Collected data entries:
-------

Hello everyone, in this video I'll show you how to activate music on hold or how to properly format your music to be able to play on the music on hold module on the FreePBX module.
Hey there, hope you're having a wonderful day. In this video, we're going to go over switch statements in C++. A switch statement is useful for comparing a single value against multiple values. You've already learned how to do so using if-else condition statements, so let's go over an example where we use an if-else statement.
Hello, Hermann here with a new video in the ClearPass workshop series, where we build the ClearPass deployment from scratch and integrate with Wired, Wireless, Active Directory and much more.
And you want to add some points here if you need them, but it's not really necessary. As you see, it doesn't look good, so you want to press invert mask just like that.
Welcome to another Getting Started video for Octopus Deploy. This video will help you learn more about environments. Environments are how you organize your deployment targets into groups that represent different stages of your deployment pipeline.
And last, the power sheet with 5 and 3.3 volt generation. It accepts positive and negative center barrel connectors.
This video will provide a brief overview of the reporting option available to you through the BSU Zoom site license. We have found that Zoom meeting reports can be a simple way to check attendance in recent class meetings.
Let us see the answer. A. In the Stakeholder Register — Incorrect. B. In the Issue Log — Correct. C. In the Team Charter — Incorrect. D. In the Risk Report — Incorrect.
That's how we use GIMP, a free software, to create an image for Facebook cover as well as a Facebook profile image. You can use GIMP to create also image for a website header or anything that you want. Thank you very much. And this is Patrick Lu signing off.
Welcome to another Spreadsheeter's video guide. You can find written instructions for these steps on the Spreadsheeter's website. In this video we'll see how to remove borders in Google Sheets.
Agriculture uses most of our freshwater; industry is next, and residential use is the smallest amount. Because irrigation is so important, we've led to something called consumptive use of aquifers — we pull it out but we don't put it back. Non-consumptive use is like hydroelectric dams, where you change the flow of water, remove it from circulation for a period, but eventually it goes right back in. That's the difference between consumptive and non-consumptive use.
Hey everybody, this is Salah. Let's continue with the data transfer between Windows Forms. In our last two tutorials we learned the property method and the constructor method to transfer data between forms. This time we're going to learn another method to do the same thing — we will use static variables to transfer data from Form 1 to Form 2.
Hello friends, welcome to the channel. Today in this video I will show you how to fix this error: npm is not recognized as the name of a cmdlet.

-------

PROBLEM TO SOLVE = Only those lines of the entries above that run from the line containing "Hey there, hope" to the line containing "And you want", both included, should be transcribed exactly.

RESULT BELOW =
Hey there, hope you're having a wonderful day. In this video, we're going to go over switch statements in C++. A switch statement is useful for comparing a single value against multiple values. You've already learned how to do so using if-else condition statements, so let's go over an example where we use an if-else statement.
Hello, Hermann here with a new video in the ClearPass workshop series, where we build the ClearPass deployment from scratch and integrate with Wired, Wireless, Active Directory and much more.
And you want to add some points here if you need them, but it's not really necessary. As you see, it doesn't look good, so you want to press invert mask just like that.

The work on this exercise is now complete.